Your site has structure. Now let's make it look good.

Apply a theme and polish

Ask your AI:

Replace the homepage with a "Hi, I'm Alex" hero section and a short tagline about freelance photography. Update the site theme to use dark mode. Add consistent spacing between sections, a footer that says "Built by Alex" on every page, and make the whole site look clean and professional. Make sure it looks good on mobile too.

Depending on your AI tool, you might see a TODO list as it works through each part of the prompt.

TODOs

Once it's done, take a look at the result.

Dark

The homepage now has a hero section instead of template placeholder. The whole site should feel more polished — dark background, consistent spacing, a footer on every page.

Fix what's wrong

Here's the thing — the AI's output probably isn't perfect. Maybe the spacing feels off. Maybe the text is hard to read against the background. Maybe something looks broken on mobile.

That's normal. This is the most important skill in AI-directed development: look at the result, spot what's wrong, and tell the AI to fix it.

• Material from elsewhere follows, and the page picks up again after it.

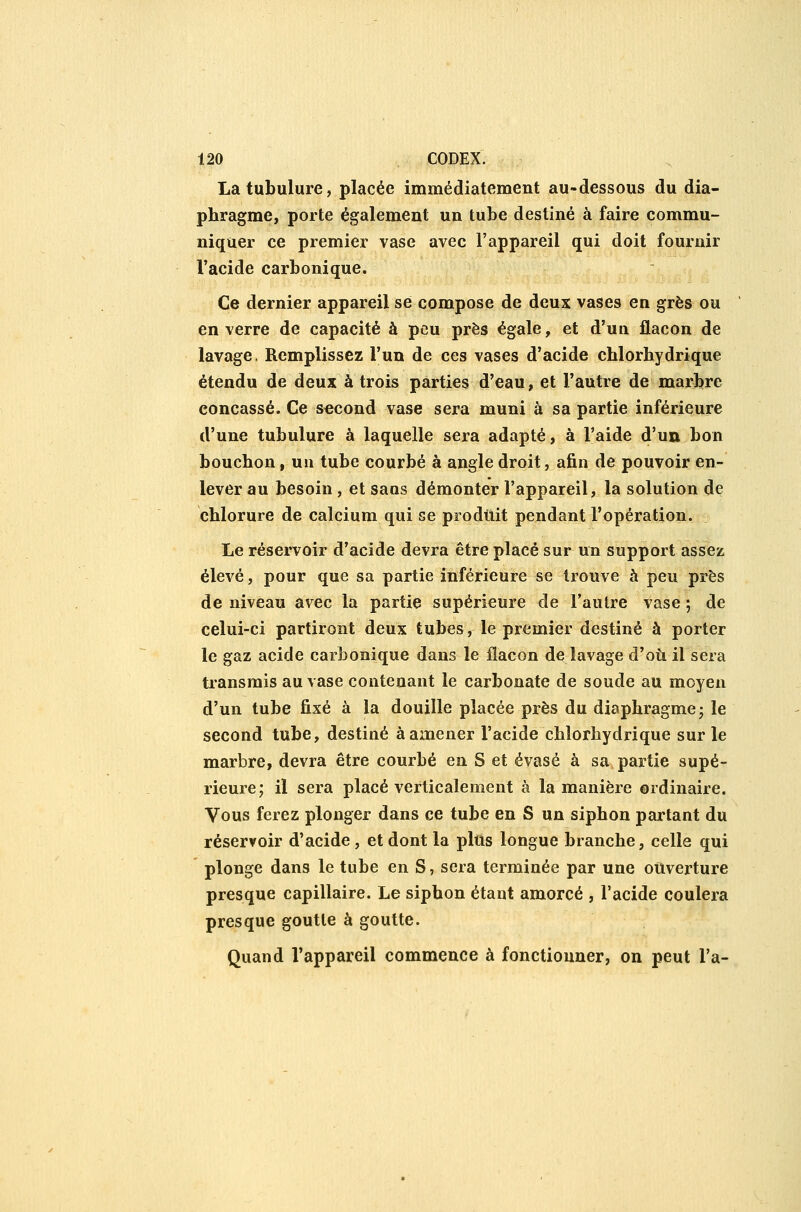 La tubulure, placée immédiatement au-dessous du dia- phragme, porte également un tube destiné à faire commu- niquer ce premier vase avec l'appareil qui doit fournir l'acide carbonique. Ce dernier appareil se compose de deux vases en grès ou en verre de capacité à peu près égale, et d'un flacon de lavage. Remplissez l'un de ces vases d'acide chlorhydrique étendu de deux à trois parties d'eau, et l'autre de marbre concassé. Ce second vase sera muni à sa partie inférieure d'une tubulure à laquelle sera adapté, à l'aide d'un bon bouchon, un tube courbé à angle droit, afin de pouvoir en- lever au besoin, et sans démonter l'appareil, la solution de chlorure de calcium qui se produit pendant l'opération. Le réservoir d'acide devra être placé sur un support assez élevé, pour que sa partie inférieure se trouve à peu près de niveau avec la partie supérieure de l'autre vase ; de celui-ci partiront deux tubes, le premier destiné à porter le gaz acide carbonique dans le flacon de lavage d'où il sera transmis au vase contenant le carbonate de soude au moyen d'un tube fixé à la douille placée près du diaphragme- le second tube, destiné à amener l'acide chlorhydrique sur le marbre, devra être courbé en S et évasé à sa partie supé- rieure; il sera placé verticalement à la manière ordinaire. Vous ferez plonger dans ce tube en S un siphon partant du réservoir d'acide, et dont la pltis longue branche, celle qui plonge dans le tube en S, sera terminée par une ouverture presque capillaire. Le siphon étant amorcé , l'acide coulera presque goutte à goutte. Quand l'appareil commence à fonctionner, on peut l'a-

Try it. Look at your site carefully — and try narrowing the browser window to see how it looks on mobile. Give the AI a specific correction. Describe the problem, not the solution. Let the AI figure out the fix.

The real skill

You'll do this loop constantly: prompt → review → correct. The AI writes code fast, but it's not looking at your screen. You are. Your job is to be the quality check — to spot what's off and steer it toward what you want.

This gets easier with practice. You'll start to notice patterns in what the AI gets wrong, and your corrective prompts will get sharper.